Hard to disagree with this part of your post. What set some people off is when probabilities are dismissed and statements of fact are thrown around.Enginerd wrote: <snip>
Sometimes it is helpful to consider probability. What we call scientific knowledge today is a body of statements of varying degrees of certainty. Some of them are most unsure; some of them are nearly sure; but none is absolutely certain. We all take chances, we all operate based on probability. Some things, when the probability is weighed in the balance, seem much less likely to be true. Rossi claims to have invented the greatest thing since the invention of fire. Fine. That would be cool. Wake me when he provides indisputable evidence for his claim. Till then, we are dealing with a religious belief, and I'm not interested.

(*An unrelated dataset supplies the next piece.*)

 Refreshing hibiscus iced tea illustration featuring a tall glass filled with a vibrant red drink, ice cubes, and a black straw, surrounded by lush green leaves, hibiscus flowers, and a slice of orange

My POV is that if Rossi is proven to lie and contradict himself it does not necessarily follow (with the information publicly available) that his invention is a definite scam. Again we get into probabilities and attempt to predict the truth from behavior patterns. Is it likely that he is scamming -- it is easy to make a strong case for that, and every falsehood, obfuscation, and delays adds weight to that and makes the Rossi story far less interesting. Alternate explanations still exist. E.g. the guy is fooling himself; or, he has a limited and unexplained exothermic reaction; measurement errors. Even if the estimated probability for these alternate explanations are very low, it has not yet collapsed to zero. Once cannot make that leap without uncontroversial, hard evidence, of which we still lack. Thus one cannot factually say that his device = IS = fraudulent.
This is a pretty simple point and basic logic -- and what makes me amused with the energy that is put into attacking Kiteman's posts (and the inverse). Amazing there is such argument about a quibble.
As for the 50kg shielding, I personally am interested in that detail -- if only to fuel my own internal probability meter on Rossi's device.